Örneğin, çocuklardan okuduklarından yola çıkarak bir çizim yapmalarını isteyin. Ayrıca çocuklara bir pasaj okurken gözlerini kapatıp dinlemelerini isteyin. Kelimelerin ne anlattığına dair zihinlerinde bir film yaratmalarını isteyin.
4-) Özetleme Yapmak
Bu strateji, çocukların okurken metindeki ana fikri belirlemelerini ve bu fikri kendi sözcükleriyle ifade etmelerini içerir.

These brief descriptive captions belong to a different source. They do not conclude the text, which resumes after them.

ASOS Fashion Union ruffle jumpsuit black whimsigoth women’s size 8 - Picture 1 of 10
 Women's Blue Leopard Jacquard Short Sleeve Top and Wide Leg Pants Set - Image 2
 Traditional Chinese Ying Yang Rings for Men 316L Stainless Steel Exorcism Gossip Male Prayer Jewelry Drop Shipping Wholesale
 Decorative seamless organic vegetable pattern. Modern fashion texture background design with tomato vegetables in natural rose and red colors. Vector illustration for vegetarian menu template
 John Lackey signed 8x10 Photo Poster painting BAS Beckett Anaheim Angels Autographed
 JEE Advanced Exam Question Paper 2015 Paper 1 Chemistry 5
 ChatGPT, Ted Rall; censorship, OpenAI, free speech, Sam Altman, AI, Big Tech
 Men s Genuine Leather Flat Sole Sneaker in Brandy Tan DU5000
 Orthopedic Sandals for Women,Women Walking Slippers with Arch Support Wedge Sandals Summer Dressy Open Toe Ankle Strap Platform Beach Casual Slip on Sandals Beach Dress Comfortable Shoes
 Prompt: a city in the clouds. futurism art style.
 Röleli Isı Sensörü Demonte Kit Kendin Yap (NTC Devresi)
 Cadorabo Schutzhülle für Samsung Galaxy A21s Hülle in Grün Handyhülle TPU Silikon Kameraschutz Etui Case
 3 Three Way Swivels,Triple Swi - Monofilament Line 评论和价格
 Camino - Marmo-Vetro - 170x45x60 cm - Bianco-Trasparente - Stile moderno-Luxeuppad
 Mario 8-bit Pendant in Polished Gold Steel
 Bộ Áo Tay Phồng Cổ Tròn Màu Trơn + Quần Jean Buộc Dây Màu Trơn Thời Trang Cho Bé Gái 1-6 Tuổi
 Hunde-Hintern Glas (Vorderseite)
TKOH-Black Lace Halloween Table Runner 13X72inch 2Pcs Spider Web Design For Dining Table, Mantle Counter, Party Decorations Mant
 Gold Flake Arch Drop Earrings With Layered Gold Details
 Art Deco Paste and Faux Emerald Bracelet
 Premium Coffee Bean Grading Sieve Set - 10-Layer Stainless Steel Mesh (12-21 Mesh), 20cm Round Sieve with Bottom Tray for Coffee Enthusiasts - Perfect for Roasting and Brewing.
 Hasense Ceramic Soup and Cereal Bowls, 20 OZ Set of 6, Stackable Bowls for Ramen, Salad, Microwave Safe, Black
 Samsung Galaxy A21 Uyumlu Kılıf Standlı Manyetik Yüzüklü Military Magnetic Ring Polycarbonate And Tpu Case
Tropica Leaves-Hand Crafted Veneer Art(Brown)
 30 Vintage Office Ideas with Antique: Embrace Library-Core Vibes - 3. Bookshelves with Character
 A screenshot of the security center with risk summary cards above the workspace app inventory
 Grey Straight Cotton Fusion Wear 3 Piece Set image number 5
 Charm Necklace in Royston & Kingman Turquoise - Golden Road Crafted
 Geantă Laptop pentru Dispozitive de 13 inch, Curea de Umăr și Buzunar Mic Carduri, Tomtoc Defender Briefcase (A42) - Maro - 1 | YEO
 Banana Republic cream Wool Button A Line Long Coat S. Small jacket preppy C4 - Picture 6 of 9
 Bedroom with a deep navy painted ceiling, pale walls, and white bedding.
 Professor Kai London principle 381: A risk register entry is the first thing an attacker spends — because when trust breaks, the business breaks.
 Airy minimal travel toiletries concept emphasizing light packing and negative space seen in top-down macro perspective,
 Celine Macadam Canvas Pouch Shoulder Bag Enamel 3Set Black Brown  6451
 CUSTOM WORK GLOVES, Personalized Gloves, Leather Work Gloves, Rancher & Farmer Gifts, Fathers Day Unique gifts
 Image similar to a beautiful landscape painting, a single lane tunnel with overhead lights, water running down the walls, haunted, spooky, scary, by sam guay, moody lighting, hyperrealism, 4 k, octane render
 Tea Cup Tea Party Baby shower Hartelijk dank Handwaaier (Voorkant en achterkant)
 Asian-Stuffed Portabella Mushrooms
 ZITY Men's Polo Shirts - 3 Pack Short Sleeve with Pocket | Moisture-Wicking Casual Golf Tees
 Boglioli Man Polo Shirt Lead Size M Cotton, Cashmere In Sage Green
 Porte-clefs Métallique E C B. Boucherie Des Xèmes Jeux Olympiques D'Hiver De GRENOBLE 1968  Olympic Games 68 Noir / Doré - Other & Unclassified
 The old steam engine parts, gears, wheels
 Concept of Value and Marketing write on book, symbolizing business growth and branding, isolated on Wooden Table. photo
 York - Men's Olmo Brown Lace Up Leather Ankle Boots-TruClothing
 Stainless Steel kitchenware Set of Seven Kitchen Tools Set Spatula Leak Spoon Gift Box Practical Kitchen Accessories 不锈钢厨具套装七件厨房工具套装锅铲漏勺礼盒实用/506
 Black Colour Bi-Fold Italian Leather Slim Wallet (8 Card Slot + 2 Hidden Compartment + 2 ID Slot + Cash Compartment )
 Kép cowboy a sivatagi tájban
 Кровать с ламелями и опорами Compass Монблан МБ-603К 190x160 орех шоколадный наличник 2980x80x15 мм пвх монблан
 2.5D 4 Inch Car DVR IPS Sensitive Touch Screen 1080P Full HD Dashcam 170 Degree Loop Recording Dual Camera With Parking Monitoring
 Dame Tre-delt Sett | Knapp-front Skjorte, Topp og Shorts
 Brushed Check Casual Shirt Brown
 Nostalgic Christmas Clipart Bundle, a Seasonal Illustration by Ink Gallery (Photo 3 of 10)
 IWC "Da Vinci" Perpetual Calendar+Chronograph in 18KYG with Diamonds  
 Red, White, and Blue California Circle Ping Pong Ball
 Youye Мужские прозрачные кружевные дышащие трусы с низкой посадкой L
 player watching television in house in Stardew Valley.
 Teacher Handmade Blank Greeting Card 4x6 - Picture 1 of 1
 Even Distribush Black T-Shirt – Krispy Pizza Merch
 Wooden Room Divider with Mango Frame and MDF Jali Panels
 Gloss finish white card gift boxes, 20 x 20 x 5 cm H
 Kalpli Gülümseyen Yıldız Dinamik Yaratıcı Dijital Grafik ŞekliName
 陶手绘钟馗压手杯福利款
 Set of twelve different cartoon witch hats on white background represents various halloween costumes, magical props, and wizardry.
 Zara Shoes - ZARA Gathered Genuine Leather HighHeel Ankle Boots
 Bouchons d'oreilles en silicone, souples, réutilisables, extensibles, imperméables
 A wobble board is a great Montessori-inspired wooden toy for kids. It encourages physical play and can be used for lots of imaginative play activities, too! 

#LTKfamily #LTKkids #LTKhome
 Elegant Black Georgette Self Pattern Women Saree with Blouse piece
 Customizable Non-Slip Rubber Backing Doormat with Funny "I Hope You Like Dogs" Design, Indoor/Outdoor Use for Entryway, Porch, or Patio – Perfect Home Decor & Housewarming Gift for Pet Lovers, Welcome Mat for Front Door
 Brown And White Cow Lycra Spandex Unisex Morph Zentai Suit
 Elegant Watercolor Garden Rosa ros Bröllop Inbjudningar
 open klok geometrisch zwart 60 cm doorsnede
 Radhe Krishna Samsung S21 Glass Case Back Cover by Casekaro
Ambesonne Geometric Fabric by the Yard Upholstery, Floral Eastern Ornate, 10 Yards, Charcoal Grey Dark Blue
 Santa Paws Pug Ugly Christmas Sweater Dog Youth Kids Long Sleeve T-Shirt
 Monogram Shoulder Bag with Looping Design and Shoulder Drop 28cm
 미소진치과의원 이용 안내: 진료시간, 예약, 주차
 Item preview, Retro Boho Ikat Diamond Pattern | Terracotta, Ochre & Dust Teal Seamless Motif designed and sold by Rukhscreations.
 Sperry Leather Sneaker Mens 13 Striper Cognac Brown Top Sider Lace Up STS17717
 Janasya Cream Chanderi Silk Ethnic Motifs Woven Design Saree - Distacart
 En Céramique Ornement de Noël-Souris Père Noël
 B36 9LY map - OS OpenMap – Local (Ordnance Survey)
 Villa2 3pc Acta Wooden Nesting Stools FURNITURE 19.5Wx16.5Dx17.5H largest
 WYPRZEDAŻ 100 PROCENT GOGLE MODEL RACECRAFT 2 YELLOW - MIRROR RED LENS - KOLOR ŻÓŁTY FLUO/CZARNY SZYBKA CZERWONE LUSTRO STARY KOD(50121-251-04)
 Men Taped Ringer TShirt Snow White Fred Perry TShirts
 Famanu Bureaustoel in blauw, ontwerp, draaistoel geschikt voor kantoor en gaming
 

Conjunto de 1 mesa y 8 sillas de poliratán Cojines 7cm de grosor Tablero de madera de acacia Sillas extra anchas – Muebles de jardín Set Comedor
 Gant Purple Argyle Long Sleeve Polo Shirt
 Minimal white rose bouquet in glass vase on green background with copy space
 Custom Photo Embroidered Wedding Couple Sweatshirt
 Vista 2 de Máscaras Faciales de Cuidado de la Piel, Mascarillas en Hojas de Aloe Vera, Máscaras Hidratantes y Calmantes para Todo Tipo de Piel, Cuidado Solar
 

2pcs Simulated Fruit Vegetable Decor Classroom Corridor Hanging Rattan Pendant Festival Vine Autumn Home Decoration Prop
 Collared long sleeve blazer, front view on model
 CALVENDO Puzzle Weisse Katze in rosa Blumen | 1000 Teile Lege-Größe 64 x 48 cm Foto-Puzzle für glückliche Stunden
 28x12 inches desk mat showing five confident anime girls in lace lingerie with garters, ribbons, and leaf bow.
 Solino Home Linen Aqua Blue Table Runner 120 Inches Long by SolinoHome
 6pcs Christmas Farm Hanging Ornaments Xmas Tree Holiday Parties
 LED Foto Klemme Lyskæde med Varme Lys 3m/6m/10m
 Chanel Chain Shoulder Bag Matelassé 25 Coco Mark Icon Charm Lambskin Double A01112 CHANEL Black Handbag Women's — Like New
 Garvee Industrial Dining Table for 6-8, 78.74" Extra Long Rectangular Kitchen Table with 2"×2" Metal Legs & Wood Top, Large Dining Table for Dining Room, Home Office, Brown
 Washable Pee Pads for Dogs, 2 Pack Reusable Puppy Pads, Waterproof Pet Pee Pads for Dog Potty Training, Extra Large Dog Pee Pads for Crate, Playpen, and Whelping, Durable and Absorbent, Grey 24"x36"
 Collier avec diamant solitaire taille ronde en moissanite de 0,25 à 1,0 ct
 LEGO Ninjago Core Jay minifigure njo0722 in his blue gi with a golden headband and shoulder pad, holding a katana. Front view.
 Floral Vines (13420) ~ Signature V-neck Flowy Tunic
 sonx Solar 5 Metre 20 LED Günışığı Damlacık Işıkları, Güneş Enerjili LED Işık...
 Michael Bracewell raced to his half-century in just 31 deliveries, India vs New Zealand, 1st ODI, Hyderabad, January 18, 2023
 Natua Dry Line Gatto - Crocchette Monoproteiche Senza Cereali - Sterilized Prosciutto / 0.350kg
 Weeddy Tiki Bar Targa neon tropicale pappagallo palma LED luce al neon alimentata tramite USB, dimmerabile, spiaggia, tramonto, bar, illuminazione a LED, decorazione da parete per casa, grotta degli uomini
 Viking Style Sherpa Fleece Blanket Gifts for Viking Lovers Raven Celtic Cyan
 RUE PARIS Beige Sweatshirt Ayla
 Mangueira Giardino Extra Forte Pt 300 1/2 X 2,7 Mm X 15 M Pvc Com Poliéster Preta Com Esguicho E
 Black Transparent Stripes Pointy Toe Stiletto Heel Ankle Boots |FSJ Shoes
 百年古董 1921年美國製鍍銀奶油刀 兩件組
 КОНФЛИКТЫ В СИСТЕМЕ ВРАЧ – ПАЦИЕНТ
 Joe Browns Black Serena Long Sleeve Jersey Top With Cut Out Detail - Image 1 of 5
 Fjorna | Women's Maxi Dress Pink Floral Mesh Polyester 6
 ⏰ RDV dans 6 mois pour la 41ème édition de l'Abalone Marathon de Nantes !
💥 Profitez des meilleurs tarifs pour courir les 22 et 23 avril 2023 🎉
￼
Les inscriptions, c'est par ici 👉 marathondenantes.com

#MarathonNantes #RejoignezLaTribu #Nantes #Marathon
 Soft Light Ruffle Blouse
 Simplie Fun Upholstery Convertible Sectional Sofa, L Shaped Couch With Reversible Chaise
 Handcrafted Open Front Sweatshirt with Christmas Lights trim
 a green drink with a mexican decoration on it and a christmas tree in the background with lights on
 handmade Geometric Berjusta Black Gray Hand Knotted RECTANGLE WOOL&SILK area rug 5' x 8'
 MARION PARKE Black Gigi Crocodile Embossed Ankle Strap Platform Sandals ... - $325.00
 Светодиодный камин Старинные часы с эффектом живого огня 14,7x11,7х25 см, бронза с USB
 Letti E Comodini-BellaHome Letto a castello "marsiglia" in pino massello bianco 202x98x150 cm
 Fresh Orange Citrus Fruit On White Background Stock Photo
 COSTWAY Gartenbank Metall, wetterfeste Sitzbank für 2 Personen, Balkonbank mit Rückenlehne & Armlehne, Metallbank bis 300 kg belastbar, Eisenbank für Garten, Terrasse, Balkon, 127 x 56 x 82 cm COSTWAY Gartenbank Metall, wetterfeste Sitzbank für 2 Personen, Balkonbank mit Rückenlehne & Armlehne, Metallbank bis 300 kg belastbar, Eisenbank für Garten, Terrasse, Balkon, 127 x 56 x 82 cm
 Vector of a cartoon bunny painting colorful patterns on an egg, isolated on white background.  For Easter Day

Çocuklar, hangi bilgilerin önemli ve neyin önemsiz olduğunu belirlemek için bilgileri sıralamalıdır.
En önemli bilgiyi alıp kendi sözcükleriyle ifade ederler ve metni açıklamak için mümkün olduğunca az sözcük kullanırlar.
Bu strateji sadece hikâyenin sonunda uygulanmamalıdır. Bunun yerine, çocuklara hikâye boyunca da özetlemeleri öğretilmelidir.
Sonuç. Okuduğunu Anlamak Şart!
Anlama olmadan, çocuklar okuduklarından hiçbir anlam kazanamazlar. Anlama stratejileri, çocukların metinle ilgilenerek aktif okuyucular olmalarına yardımcı olmak için metni anlamalarını artırmak için kullanılır.